Carlos Magno Gibrail é mestre em Administração, Organização e Recursos Humanos. Escreve no Blog do Milton Jung, às quartas-feiras.

4 comentários sobre “Revolução digital vai ocupar espaço dos shopping centers

  1. A clareza e objetividade com que Carlos Magno expõe os fatos e prevê o futuro varejista em sua coluna, fortalece as convicções de toda nossa equipe e, o mais importante, possibilita aos lojistas e empreendedores de shoppings centers físicos corrigirem suas rotas, enquanto há tempo.
    A Plataforma Söks está preparada para oferecer aos empreendedores de shopping centers e Lojistas de todos os segmentos, diversas tecnologías 2D e 3D, sempre com muita inteligência voltada para resultados em vendas e relacionamento.

    • Há 14 anos empreendi um Shopping virtual para artigos de moda. Ouvi incontáveis vezes que nunca o consumidor iria comprar roupa pela internet.
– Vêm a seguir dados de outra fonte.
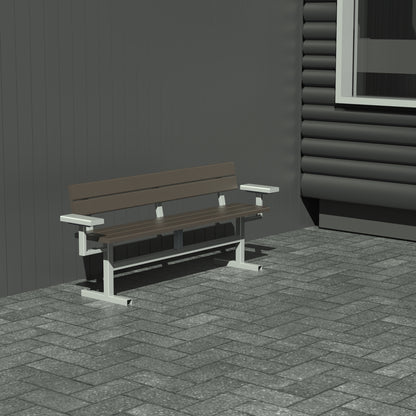 Bænk - Med ryglæn og armlæn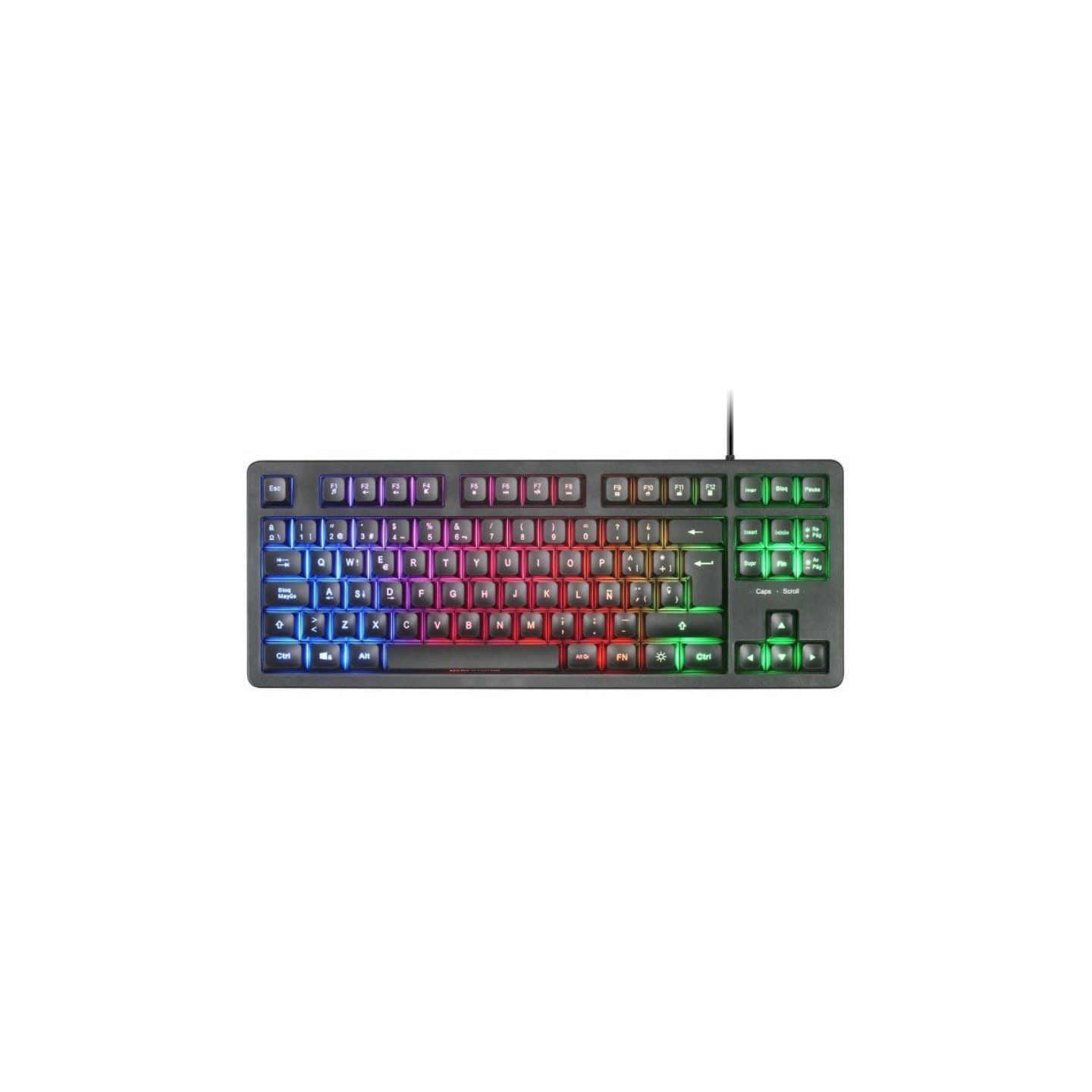 Teclado Gaming SemiMecánico Mars Gaming MK023/ Negro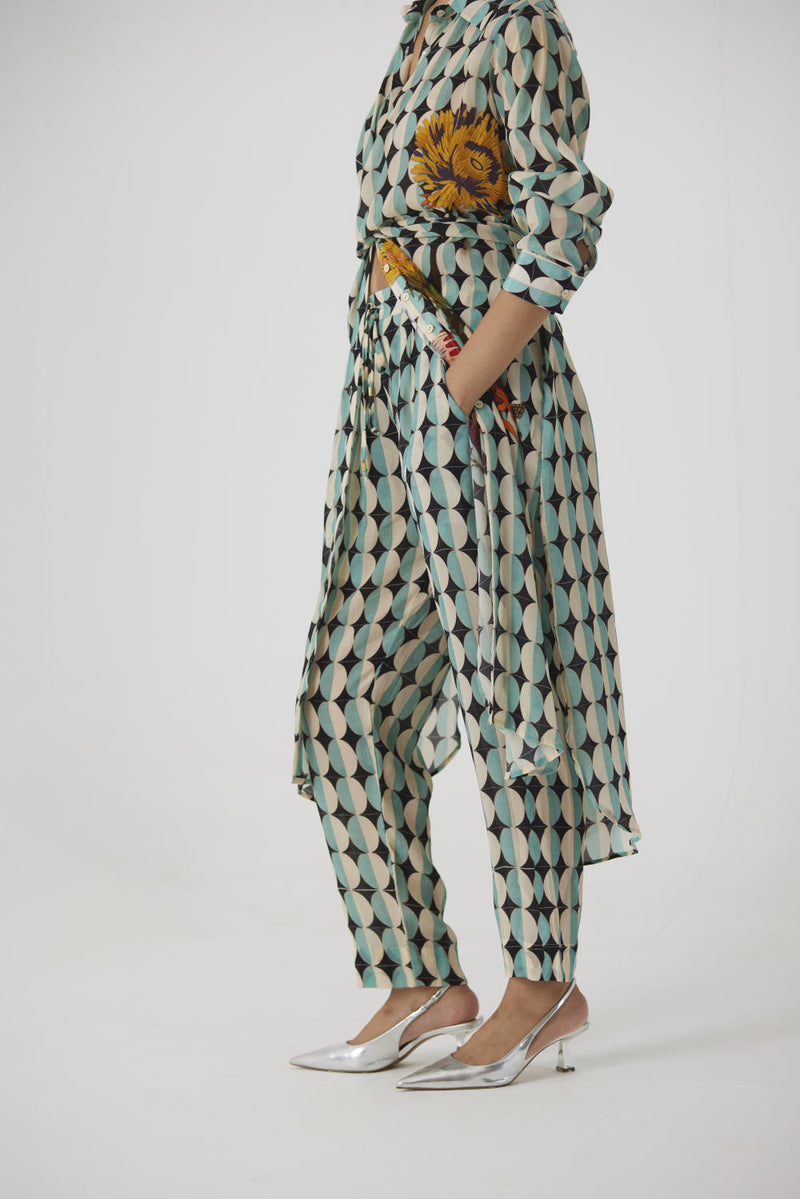 GIFU WRAP KURTA SET mul by Yam in multi color for women in Singapore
E, eram pessoas de sucesso e visão na época.De outro lado,em contato com os Shopping Centers, ficava admirado pelo desinteresse deles em replicar no virtual o sucesso que obtinham no presencial.
      Hoje, pelo menos não é preciso ter visão para entender que há consumidores para vestuário na internet. Os números mostram que o setor que mais vende na internet é o de vestuário.
      Acredito que dentro em breve também ficará provado que o Shopping virtual terá o sucesso dos Shoppings presenciais.
      Em terra de cego, basta ter feeling. Nem precisa de olhos.
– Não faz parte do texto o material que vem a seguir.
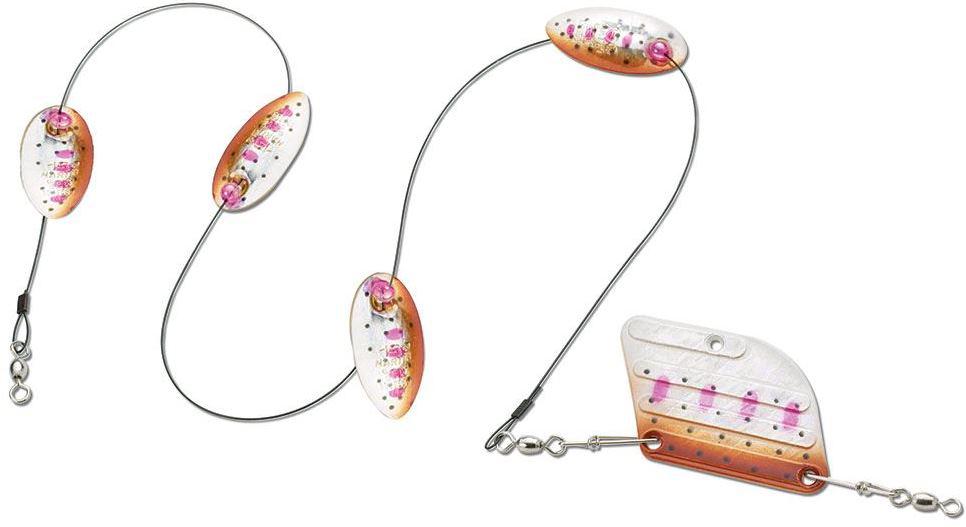 PMTN HIGH LAKE TROLL SZ 15 BROWN TROUT 1 rudder 4-each 1 Ounce 1.62'Blades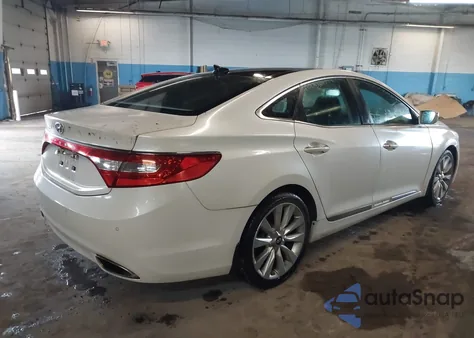 2012 Hyundai Azera z USA, uszkodzony, nr VIN KMHFH4JG5CA161881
  2. Os empreendedores de Shopping Centers, estão mais do que enxergando, estão na verdade observando quedas expressivas em seus resultados diários, bem como a expressiva evolução do mundo digital.
    Desde 2007, estamos nos preparando para que estes shoppings possam fazer frente a nova realidade.
    Nós da SÖKS estamos convictos de que haverá um certo “desespero” por implantar nossa solução, pois sem sombra de duvidas possuímos a melhor e mais avançada ferramenta, associada a uma prestação de serviços “impecável” voltada a resultados.
    Vale lembrar que o universo online e o universo físico, sofrerão obrigatoriamente um alinhamento. Ou os shoppings físicos passarão a oferecer soluções online, ou seguramente o shoppings online irão oferecer ambientes físicos.
    Estou convicto que nosso esforço e investimento acabará salvando e viabilizando inúmeros empreendimentos.
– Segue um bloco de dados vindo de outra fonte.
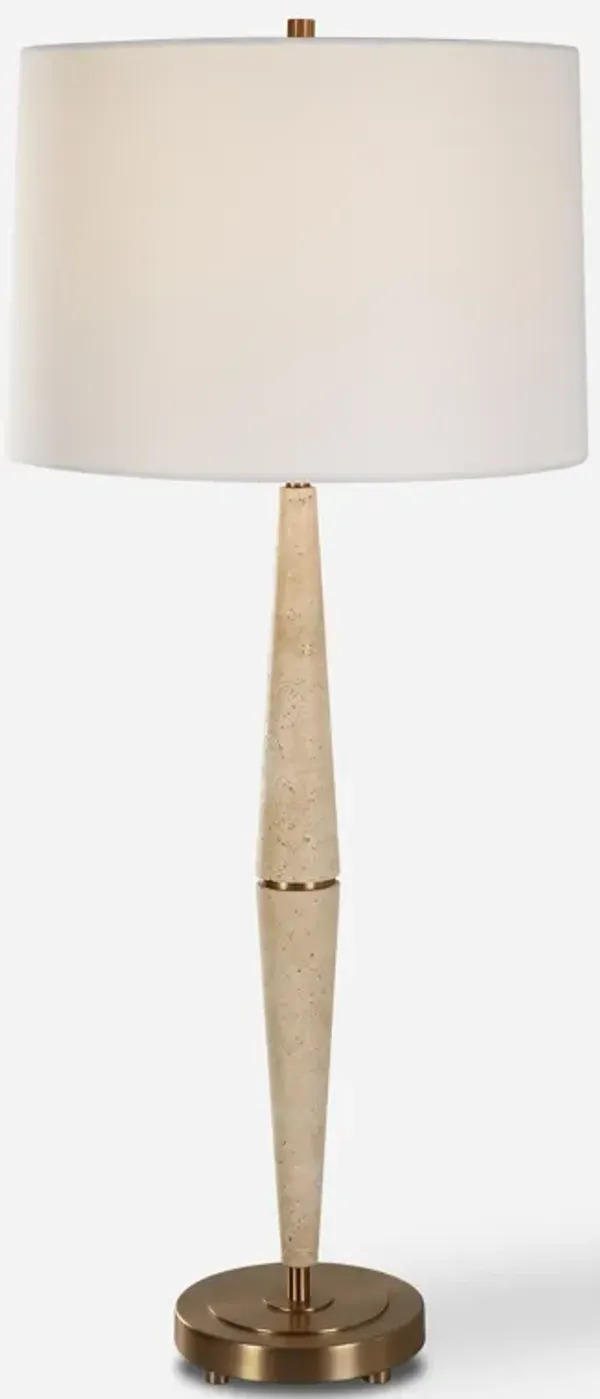 Palu Travertine Table Lamp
    • Muito boa a sua análise, baseada em fatos já visíveis. Vale a pena reafirmar a importância do e-commerce através da leitura do artigo de Ricardo Ojeda Marins, que está agora no topo do BLOG. A FABERGÈ, joalheria de 1842, ou seja com 172 anos de idade, está disponibilizando as suas raras e expensivas peças pela internet.